Quando entrarono in camera di Dolores, nonna Nives era già lì, seduta accanto al letto, che le teneva la mano.
- Hola mi amor 
Dolores salutò Sofia con un filo di voce.
Sua madre era una donna ancora giovane, sulla trentina. Folti capelli neri le cadevano sulle spalle mossi, ribelli, conferendole un aspetto fiero come solitamente era il suo sguardo scuro e profondo. In quel momento, però, i suoi occhi felici erano così stanchi e il suo aspetto così fragile che Sofia si accontentò di una dolce carezza al posto del forte abbraccio che avrebbe voluto darle.
La camera non odorava di disinfettante come il resto dell'ospedale: vasi di fiori invadevano ogni superficie. Vedendola sorridere tra tutti quei colori Sofia pensò che sua madre fosse incredibilmente bella.
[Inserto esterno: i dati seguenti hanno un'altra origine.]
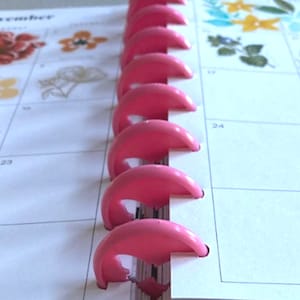 K&ouml;nnte beinhalten: Nahaufnahme eines rosafarbenen Kunststoffbindungssystems f&uuml;r einen Planer oder ein Notizbuch. Das Bindungssystem besteht aus mehreren Ringen, die miteinander verbunden sind. Die Ringe sind so konzipiert, dass sie die Seiten zusammenhalten.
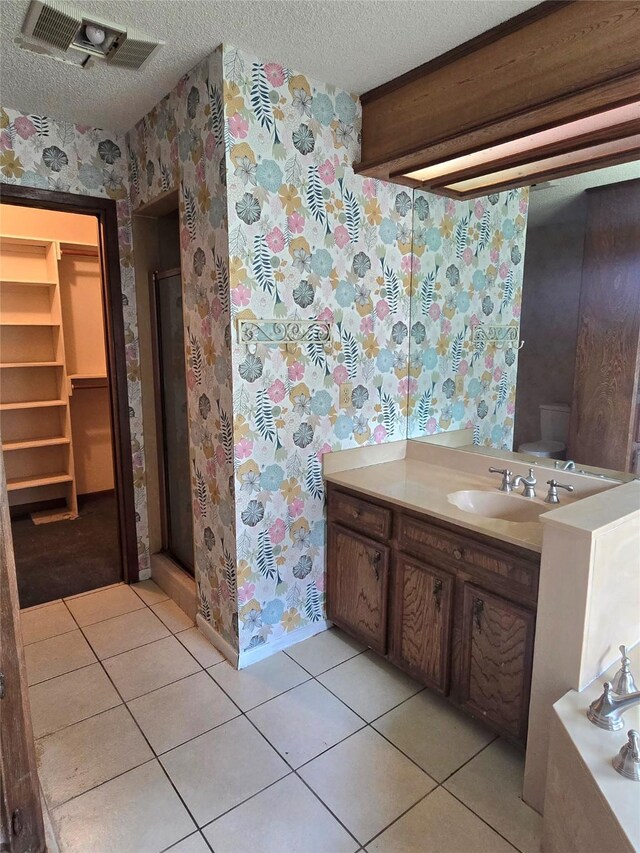 5000 Magnolia Ln, Bay City, TX 77414 - bathroom with wallpapered walls, a textured ceiling, vanity, tile patterned floors, and a stall shower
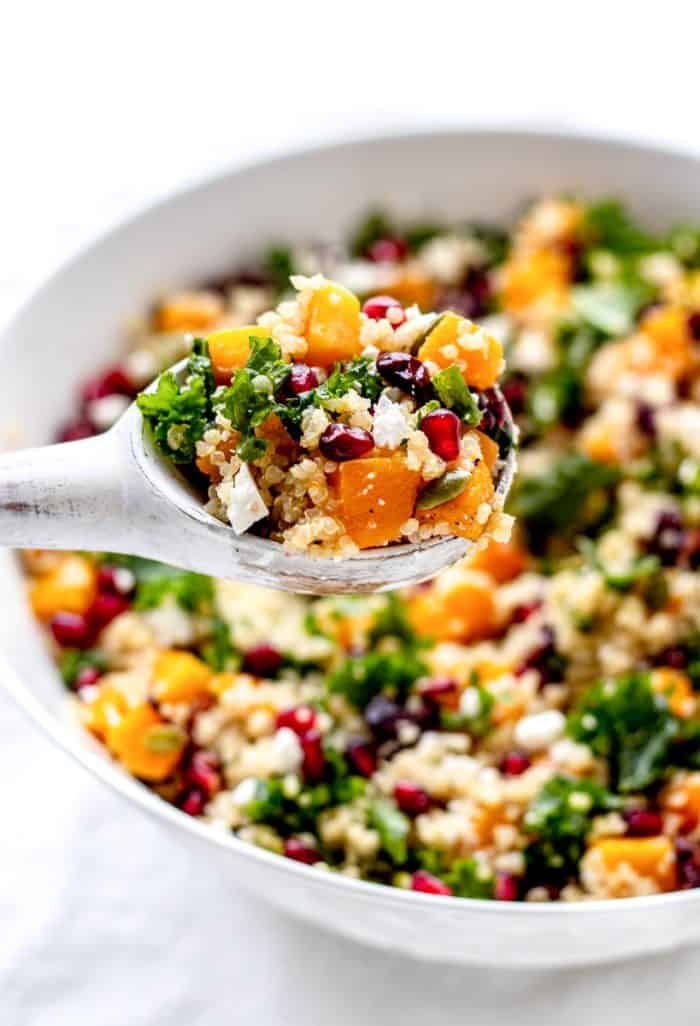 quinoa salad being held up on a rustic white spoon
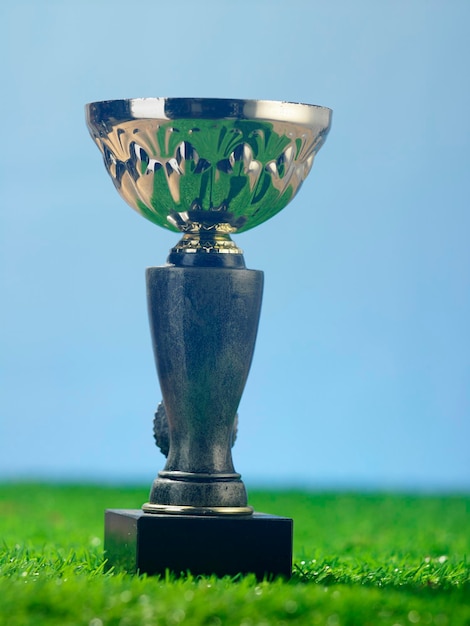 Photo close up trophy on the artificial grass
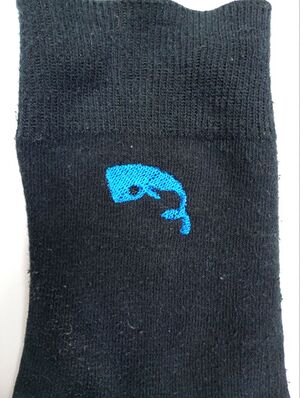 Troisième broderie d'un cachalot bleu sur une chaussette noire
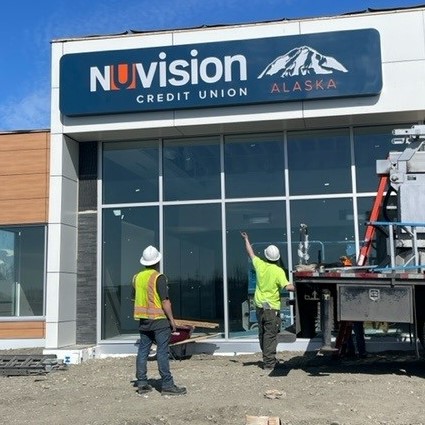 Wasilla branch exterior with two construction workers wearing yellow.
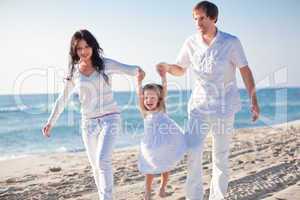 happy young family with daughter on beach in summer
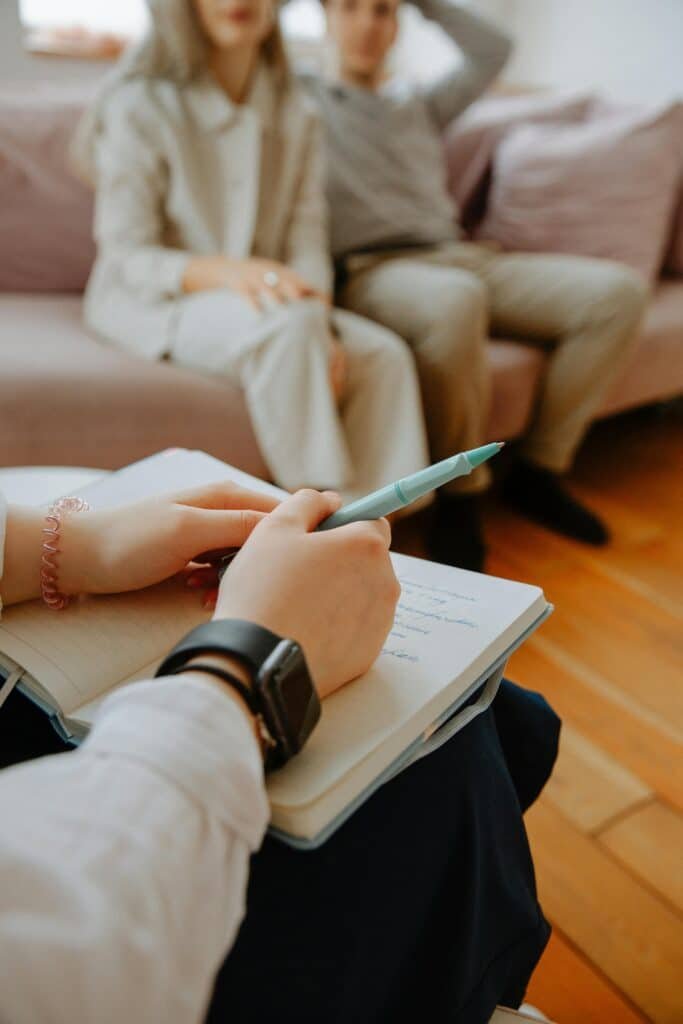 pexels-photo-3958385-3958385 A therapist takes notes while counseling a couple in an indoor session.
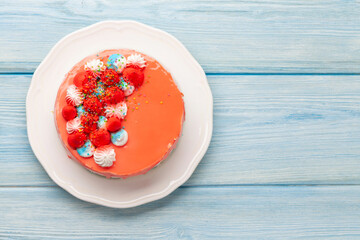 Birthday cake on wooden table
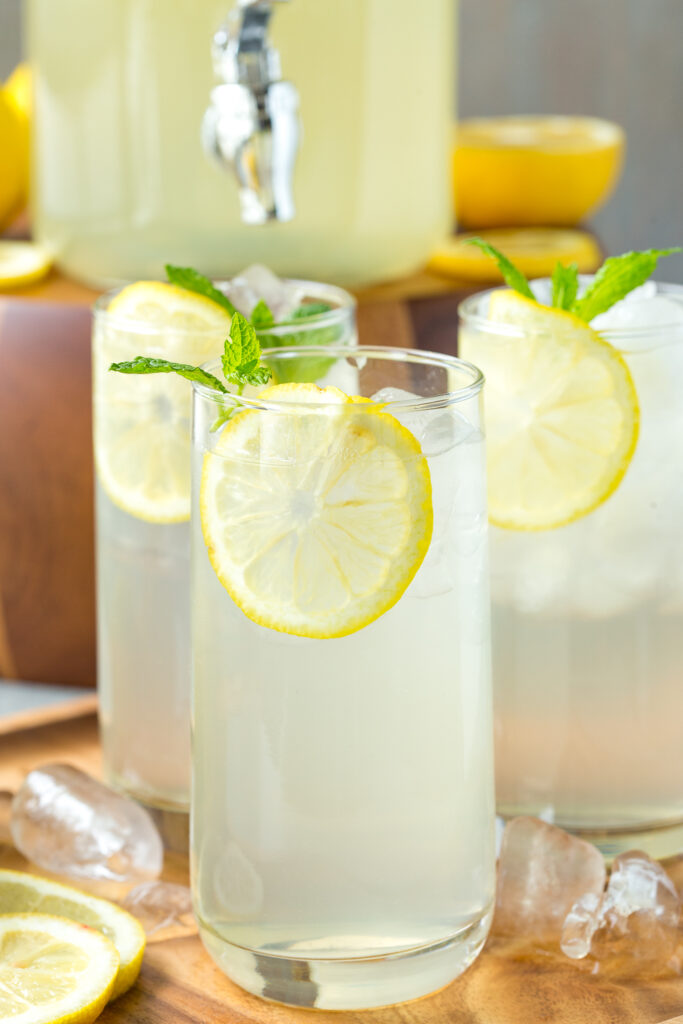 Homemade lemonade, a quick and easy three ingredient fresh squeezed lemonade recipe for the perfect summer drink. 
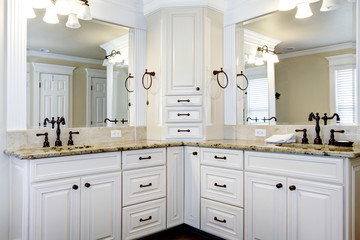 Luxury large white master bathroom cabinets with double sinks. - obrazy, fototapety, plakaty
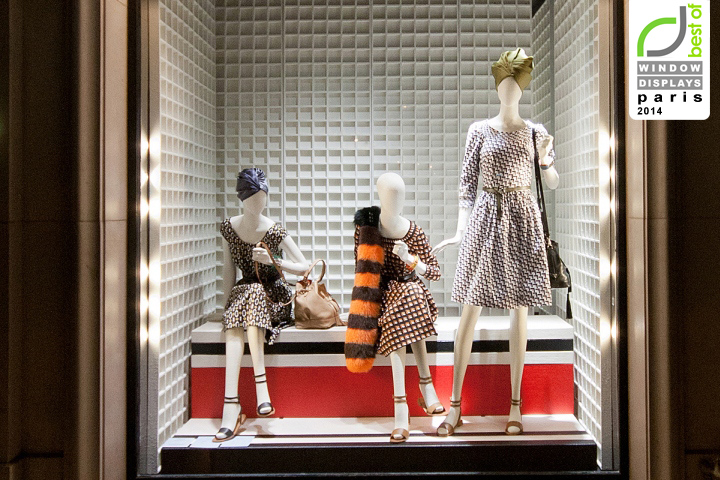 Элегантное и сдержанное оформление витрины бренда prada лето 2014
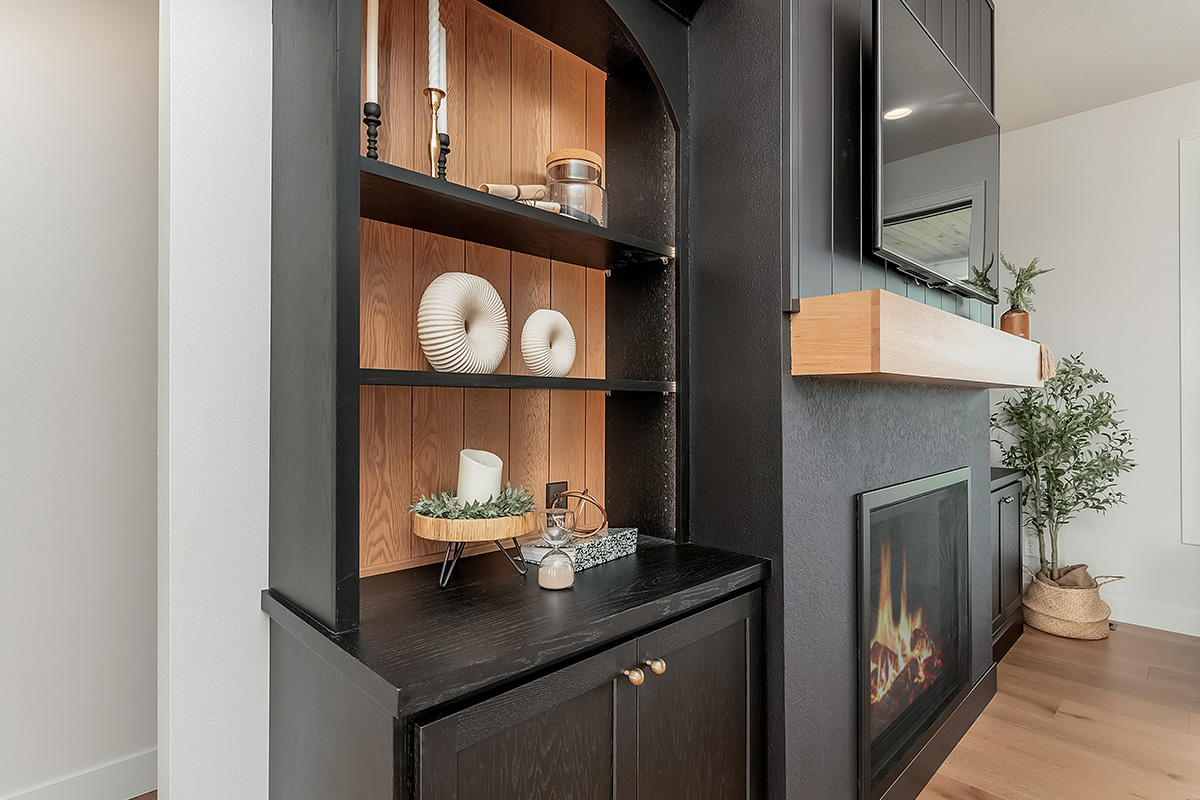 Open shelf bookcase next to a fireplace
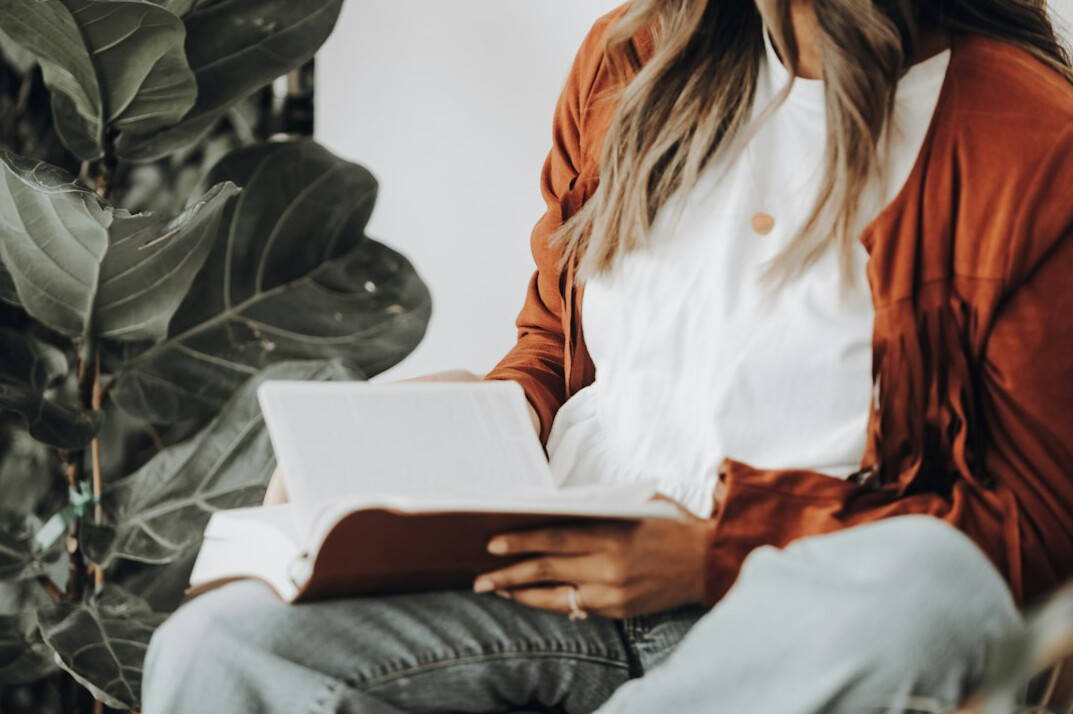 woman reading mystery book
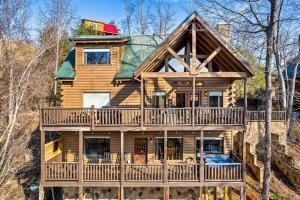 a log home with a wrap around deck at 8 Beds, Hot Tub, Fireplaces, Pool Tbl Arcade VIEWS! in Sevierville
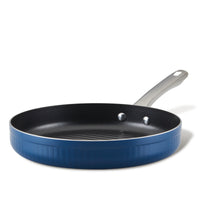 The 11.25-Inch Nonstick Deep Round Grill Pan, with its striking blue exterior and sleek silver handle, sits elegantly against a white background. This versatile piece of oven-safe cookware ensures effortless cooking and easy cleanup every time.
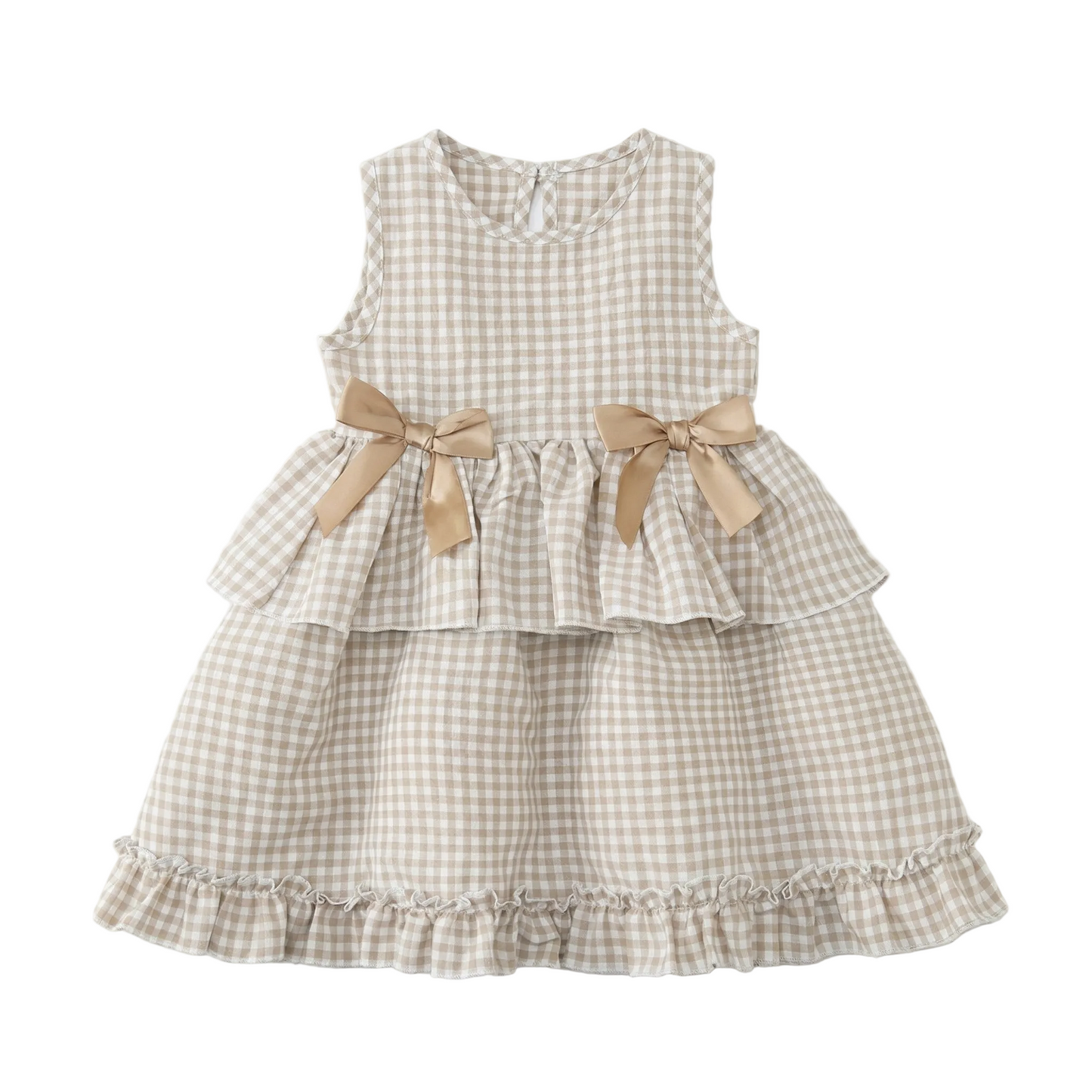 Flat lay of a toddler girls sleeveless gingham dress in Honey Gold tan and white checkered pattern, featuring tiered ruffled layers and two decorative satin bows on a neutral background.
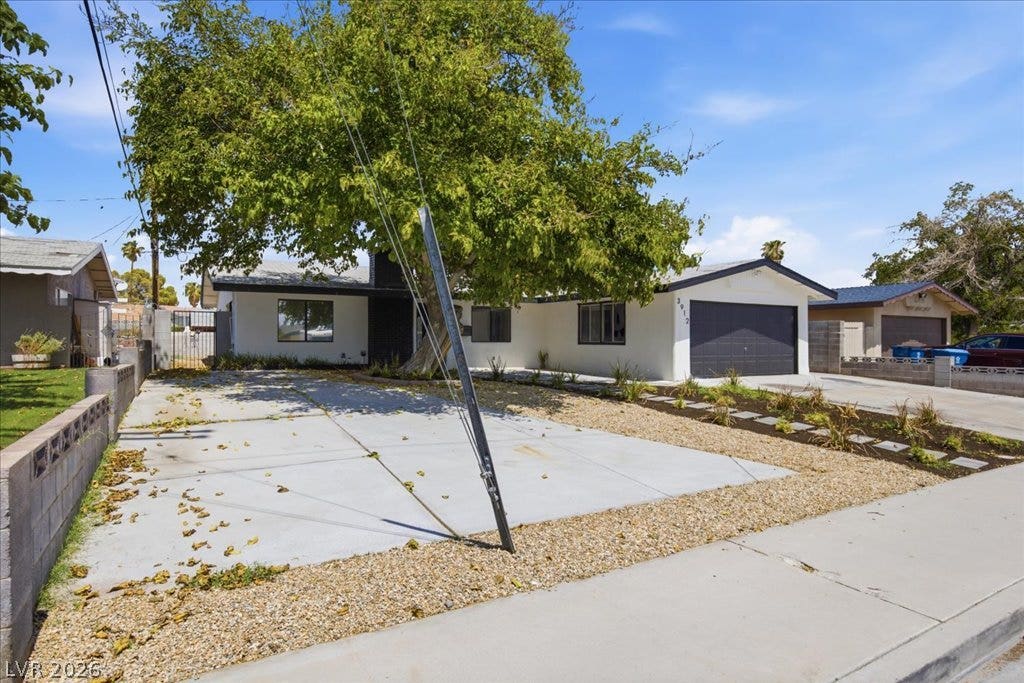 3912 Casa Grande Avenue, Las Vegas, NV 89102 Clean lines and a spacious driveway define this modern single-story residence with a mature shade tree.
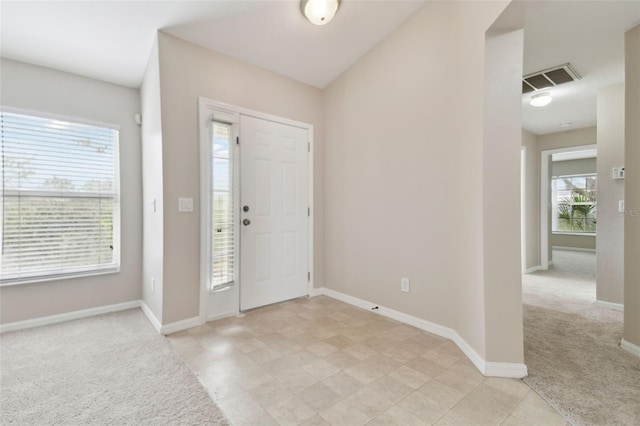 foyer with light colored carpet and a wealth of natural light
Dopo qualche minuto qualcuno bussò alla porta. Un'infermiera vestita di bianco spinse una piccola culla metallica nella stanza, fino al letto, e porse il piccolo Diego alle braccia tese di Dolores.
Sofia rise, era proprio buffo.
"Macchè Diego, per me sarai Mowgli! E visto che è così, che sei un maschio, altro che alla maestra, giocheremo agli esploratori..." pensò e le si scaldò il cuore all'idea che finalmente avesse un compagno di giochi.